I never wanted to see the inside of a prison. No one does, really, especially not in New Orleans. After arrest here, the accused are ushered in front of a magistrate who recites their charges and sets their bonds in a factory-like process. Before they can process what has just happened, before they’ve had a meaningful conversation (if any at all) with a lawyer, the accused are prodded along like shackled cattle back into the holding tank. Their eyes are filled variously with confusion, frustration, or anger, all of which give way to resignation and despair if they can’t make bail. What awaits them inside is a daily struggle to survive. The conditions are assuredly inhospitable if not inhumane. I confess that much comes as no surprise. There is an element, however, that I have come to crave.
It is that sense of humanity that we have discarded and forgotten. I came to realize this after visiting a particular client in jail for the second time. After I greeted him, he paused and looked at me searchingly. Then he said something like this: “You really came back. The guards told me nobody’s coming to see me. Everyone says there’s no way a lawyer will come and talk to you. And you’re here again?” I assured him that I would be back as many times as needed to prepare his defense. He can’t believe his luck. His hope is percolating, which I sense overtaking his despair.

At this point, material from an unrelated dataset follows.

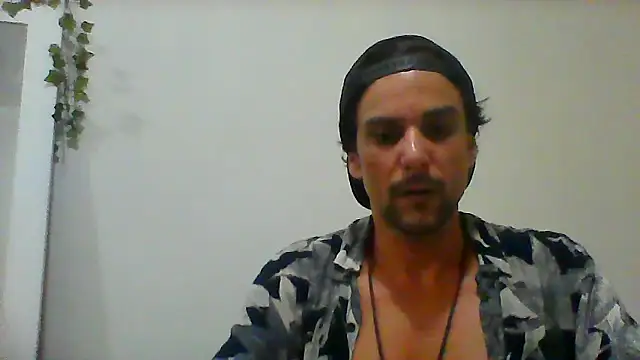 couplemilk online show from 01-19-25, 06:09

This encounter seems repeated with each person I meet in jail. They all are surprised that a lawyer would take an interest in their cases. This is not to say that the public defenders have intentionally, systematically ignored their clients. Rather, they are simply too overloaded with cases to possibly devote such time to each of their clients. Hence, we have had to turn to volunteers, like the law students from the Student Hurricane Network, to help fill in the breach. What are we to make of a justice system that must depend on the good graces of volunteers? In just the first week of student trips, we have uncovered numerous pre-trial detainees who have been held well past the maximum time allowed for a speedy trial, and sometimes beyond the maximum time allowed for a sentence even if they had been convicted. It is a system that has failed. Without advocates, the accused are subject to the merciless winds of a system stacked against them.
We evidently have a tremendous blind spot for those accused of crimes, especially for those who are too poor to afford a lawyer. Out of sight, out of mind is the prevailing view. When we leave these people literally defenseless, we have stripped them of the most basic elements of their humanity, treating them purely as caged animals. (For the skeptics out there, I suppose I should note that the client described above is one that I believe to be wrongfully accused; the presumption of innocence, in any event, should serve as an equalizer for that conceit.) If we should accept that sorry state of affairs, then we might as well check our own humanity at the door.